Condoleezza Rice and Danish PM Anders Fogh Rasmussen

Condoleezza Rice and Danish PM Anders Fogh Rasmussen at a press conference in Copenhagen.

"It's well past time for Robert Mugabe to leave. I think that's now obvious," Rice said during a visit to Copenhagen, Denmark. "The fact is that there was a sham election. There then has been a sham process of power-sharing talks. And now, we are seeing not only the political and economic toll that is being taken on the people of Zimbabwe, but the toll in the humanitarian dimension as this cholera epidemic has broken out."

The Bush administration has long called for Mugabe to leave office. President Bush called the runoff presidential election in June a "sham" and instructed Rice and other U.S. officials to develop additional sanctions against Mugabe's "illegitimate government."

"The United States will always do anything and everything that it can to help innocent people who are suffering," Rice said said at a joint news conference with Danish Prime Minister Anders Fogh Rasmussen. "And we are not going to deny assistance to people in need because of their government. But if this is not evidence to the international community that it's time to stand up for what is right, I don't know what will be. And frankly, the nations of the region have to lead it."

Rice -- who has just about a month left in office before President-elect Barack Obama's administration takes over -- called on all African nations to speak up.

"The United States and Europe have been united on this... many African states have spoken up in this way about the need for change in Zimbabwe. But many others have been silent. And it is really time for the people of Zimbabwe to have a better future. And this has the potential, we now see, to be not just a problem for Zimbabwe, but for all of southern Africa. And so I sincerely hope that this is going to spur the states of the region to stronger action."
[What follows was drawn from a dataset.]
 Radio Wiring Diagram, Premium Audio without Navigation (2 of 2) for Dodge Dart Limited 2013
Asked whether the United States and Europe should try to force out Mugabe, Rice responded, "Well, without help in the region, it's very difficult to have the tools that will bring about a just resolution in Zimbabwe. The United States and Europe can't do everything alone. Other states are responsible too. And the southern African states should be the most responsible at this point, because they have the most at risk. And the people of Zimbabwe have suffered long enough."
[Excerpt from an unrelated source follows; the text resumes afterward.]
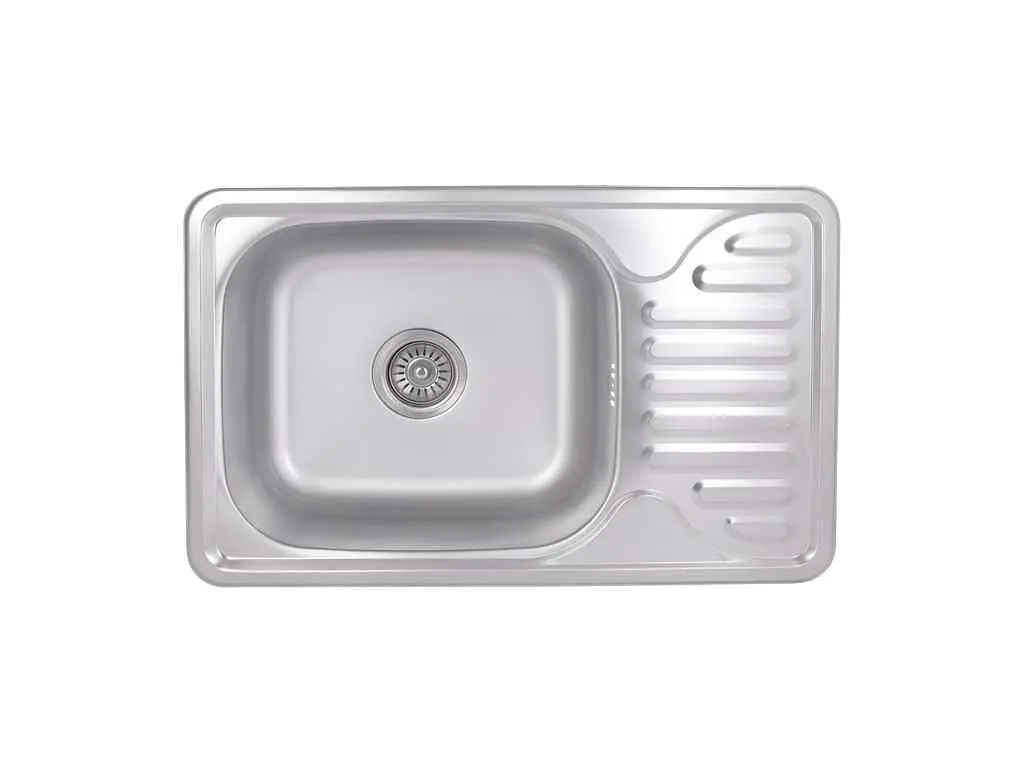 Мийка врізна Brinex 660х420х180мм 1 6642, Satin 0,8мм BRIN6642SAT08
Mugabe has come under heavy international criticism. The June runoff vote was widely condemned after reports of voters being pressured, or even threatened, to vote for Mugabe's party -- allegations Mugabe denied.

For months there have been some efforts to build a power-sharing government in the troubled nation, but to little avail.


On Thursday, Mugabe hinted he may form a Cabinet without the opposition and call for early elections. The opposition responded that it would welcome a "genuine election," with international supervision.

The 84-year-old Mugabe, who has led Zimbabwe since 1980, also suggested he would ignore an international tribunal ruling that declared illegal his government's seizure of farms from white Zimbabweans.